Toward automating complex legislation updates

One of the projects we’re working on at the moment is for The National Archives (TNA) and relates to updating the system for consolidation of legislation – the Expert Participation Model (known as Participation). It’s a big, complex project using many cutting edge technologies and techniques. We thought we would start to share some of the workings.

One aspect of the editorial process has always been very manual. That is, identifying the changes to existing legislation that occur as part of new legislation. It is very common for new UK legislation to change existing legislation, often in very complex and subtle ways. Processing these changes is a very time consuming process. In order to improve the (presently manual) processing one of the two main strands of activity within Participation is to automate the extraction of the changes that new legislation makes to existing legislation. New legislation is published every working day so our objective is to process the new documents as they are loaded.

Amendments to legislation break down into various types. The project has so far tackled several areas, with the most complete and complex area being so-called ‘textual amendments’. These are amendments that actually modify the text of other legislation. For instance, it might be something like ‘In section 3 for “vehicle” substitute “automobile”’.

Now, in an ideal world the format of these amendments would be very strictly controlled. Unfortunately that isn’t how it is. It’s not completely random however and there is a considerable amount of uniformity across documents. We like to think of it as a semi-controlled language.

To tackle the problem we’ve used our Data Enrichment Service (DES) infrastructure – http://openup.tso.co.uk/des. The DES provides a platform to execute GATE pipelines. A GATE pipeline is a series of processing steps, with each step doing something to the text, with the end result being additional value extracted from the text. GATE is actually a framework for doing ‘natural language processing’ type tasks and was created by the University of Sheffield (http://gate.ac.uk).

The DES infrastructure can be used to run pretty much any GATE pipeline. It also includes of the DES Starter, which provides a basic capability to identify things such as names, places, organisations, and events. Pipelines can make use of the DES Starter in order to short cut then development process if required. Participation is however run as an independent process that simply makes use of the DES infrastructure.
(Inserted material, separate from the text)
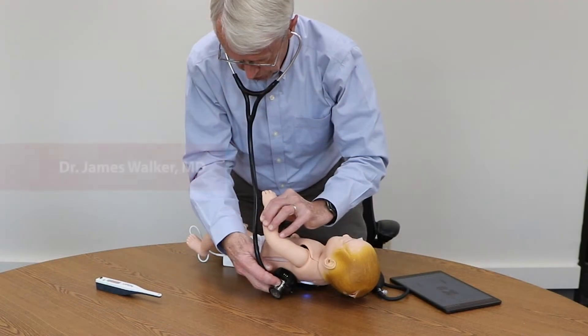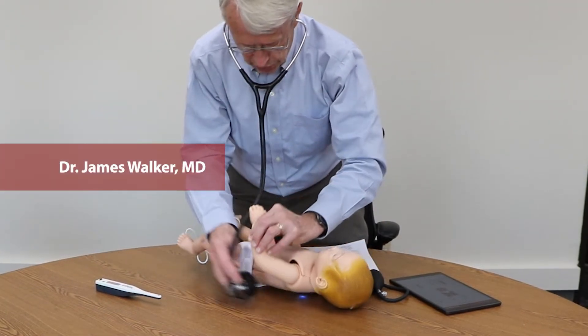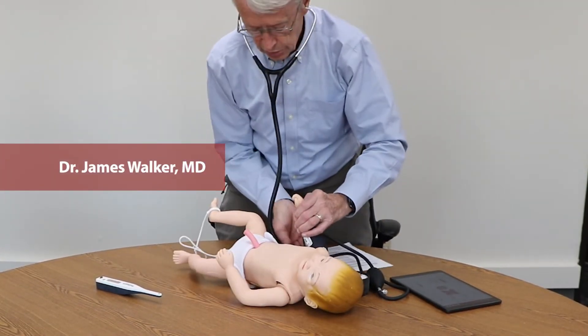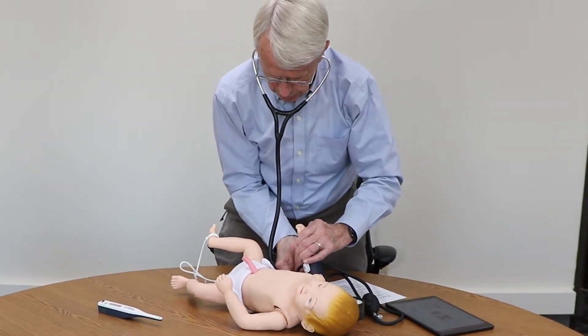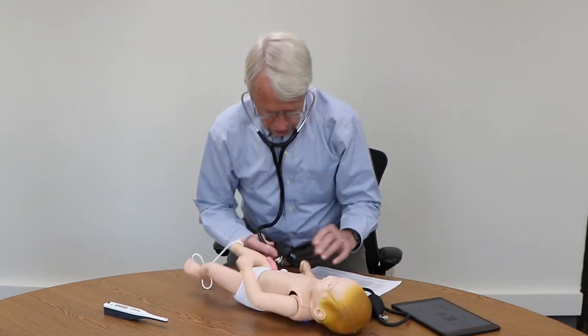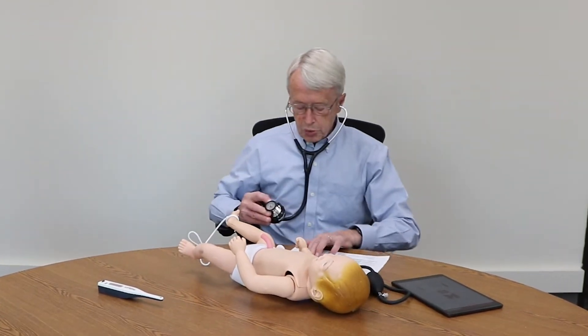The baby has some RALs, which are the sounds that we tend to hear with pneumonia, especially on inspiration. The respiratory rate is within a normal range at this point.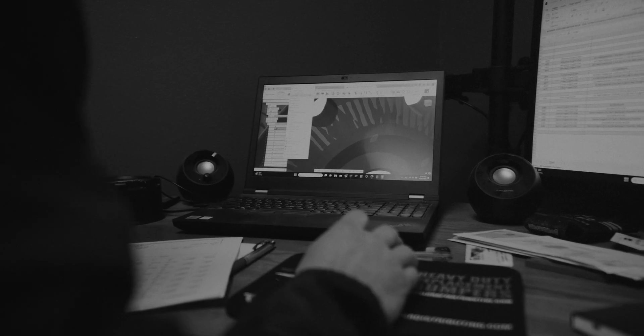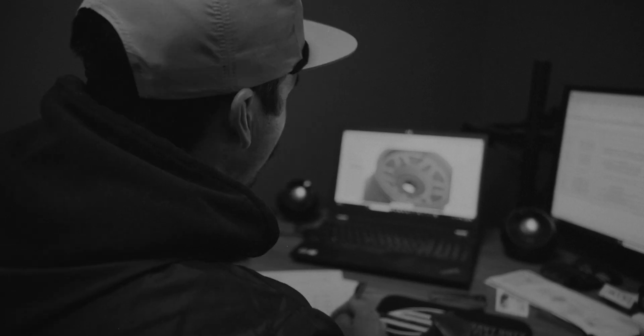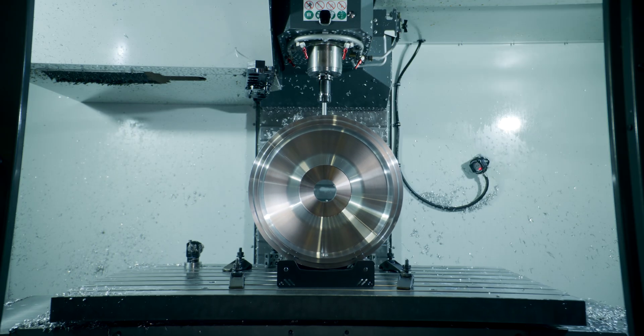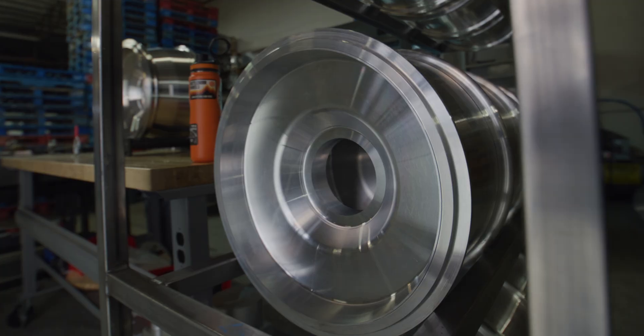It's our new design in the 17x9 Forge beadlock. Made the CAD drawing, approved the prototype, and here's the first one off the mill. It's called the Kilo six-spoke wheel. This one is a six-ounce, five-and-a-half, five-inch backspace for a Ford Bronco.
The legislation.gov.uk website utilises t­he standard DES API (Application Programming Interface), to send documents to be processed and receives back an enhanced version.

The process also makes use of the ability of the DES to update itself. The Harvester facility of the OpenUp platform monitors the RSS feeds for new legislation and sends the information to the DES API. The DES then uses this information to update the GATE pipeline process. This ensures that the extraction process can recognise the latest items of legislation.

The output from the DES is provided as an HTML demo as part of the development process to enable people working on the project to see easily what has been automatically produced. An example of a snippet of legislation is given below. You can see that the blue boxes describe the information that has been extracted.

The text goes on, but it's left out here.